Doppelirrtum
Als Doppelirrtum wird im Strafrecht eine Irrtumskonstellation bezeichnet, bei der der Täter nicht nur irrtümlich vom Vorliegen der tatsächlichen Voraussetzungen eines Rechtfertigungsgrundes ausgeht, sondern auch über die Reichweite des Rechtfertigungsgrundes irrt - mithin sowohl einem sogenannten Erlaubnistatbestandsirrtum als auch einem Erlaubnisirrtum in Form des Erlaubnisgrenzirrtums unterliegt.
Ausgangsfall
A meint im Dunkeln, einen Dieb in seinem Garten zu erkennen. Er ist besorgt und feuert ohne Vorwarnung einen Schuss auf die Person ab. Er glaubt, hierzu zum Schutze seines Heims berechtigt zu sein. Bei dem vermeintlichen Dieb handelte es sich aber um seinen Sohn, der nach einer langen Zechtour nach Hause kommt. Der Sohn stirbt an Ort und Stelle.
Rechtliche Behandlung
Allgemeine rechtliche Behandlung
Strafrechtlich werden in solchen Konstellationen die Grundsätze des Verbotsirrtums angewandt, § 17 StGB.[1] Entscheidend für die Strafbarkeit des irrtümlich Handelnden ist daher, ob sein Verbotsirrtum unvermeidbar war und damit sein Verschulden ausscheidet.
Dahinter steht der Gedanke, dass auch bei Vorliegen eines echten Einbrechers das Notwehrrecht des Täters an der fehlenden Erforderlichkeit der Notwehrhandlung scheitern würde. Damit soll eine Privilegierung des Täters durch Anwendung der vorherrschenden Lösungsansätze zur dogmatischen Behandlung des Erlaubnistatbestandsirrtums vermieden werden.
Anwendung auf den Ausgangsfall
A geht irrtümlich davon aus, dass ein Angriff im Sinne des deutschen Notwehrparagraphen nach § 32 StGB auf sein Eigentum vorliegt, zumindest ein Hausfriedensbruchs nach § 123 StGB vorläge. Tatsächlich will sein Sohn den Garten überwinden, der aber mit dem konkludenten Einverständnis des A. Hypothetisch wäre die Vorstellung des A zutreffend, wenn an die Stelle des Sohnes ein Täter treten würde. Dieser Irrtum über das Vorliegen der tatsächlichen Voraussetzungen eines anerkannten Rechtfertigungsgrundes führt zu einem Erlaubnistatbestandsirrtum. Darüber hinaus glaubt A, zu einem nicht erforderlichen Todesschuss berechtigt zu sein.
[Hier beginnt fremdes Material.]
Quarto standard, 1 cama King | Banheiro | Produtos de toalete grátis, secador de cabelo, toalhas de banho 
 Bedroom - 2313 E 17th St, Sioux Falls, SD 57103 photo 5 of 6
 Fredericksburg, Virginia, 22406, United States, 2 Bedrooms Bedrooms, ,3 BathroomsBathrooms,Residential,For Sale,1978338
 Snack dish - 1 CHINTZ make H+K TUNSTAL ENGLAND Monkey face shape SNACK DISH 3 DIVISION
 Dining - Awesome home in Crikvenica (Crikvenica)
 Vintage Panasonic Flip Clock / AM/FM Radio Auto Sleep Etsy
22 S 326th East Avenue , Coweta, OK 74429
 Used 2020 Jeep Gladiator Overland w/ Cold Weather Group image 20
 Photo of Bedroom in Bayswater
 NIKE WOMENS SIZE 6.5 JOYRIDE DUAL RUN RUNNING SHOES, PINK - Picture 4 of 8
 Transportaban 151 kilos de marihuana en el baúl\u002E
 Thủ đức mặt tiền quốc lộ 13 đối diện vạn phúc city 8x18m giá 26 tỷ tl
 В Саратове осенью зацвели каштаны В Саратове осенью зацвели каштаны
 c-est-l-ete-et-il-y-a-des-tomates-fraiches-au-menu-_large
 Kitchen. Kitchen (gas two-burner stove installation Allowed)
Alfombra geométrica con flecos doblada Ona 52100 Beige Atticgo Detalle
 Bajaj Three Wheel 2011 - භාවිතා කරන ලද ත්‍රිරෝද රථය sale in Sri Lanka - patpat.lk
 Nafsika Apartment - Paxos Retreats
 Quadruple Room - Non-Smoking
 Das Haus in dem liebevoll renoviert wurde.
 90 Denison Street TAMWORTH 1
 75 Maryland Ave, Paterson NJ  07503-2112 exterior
Damit irrt er über die rechtlichen Grenzen eines Rechtfertigungsgrundes, was zu einem Erlaubnisirrtum führt. Zur Vermeidung der Privilegierung des A wird § 17 StGB (Verbotsirrtum) angewendet. Der Irrtum war hier unter Berücksichtigung der Gesamtumstände vermeidbar, so dass sich A wegen Totschlags nach § 212 Abs. 1 StGB strafbar gemacht hat.
Einzelnachweise
- ↑ Johannes Wessels, Werner Beulke: Strafrecht Allgemeiner Teil. 37. Auflage. C.F. Müller Verlag, Heidelberg 2007, ISBN 978-3-8114-9220-2, Rn. 485ff.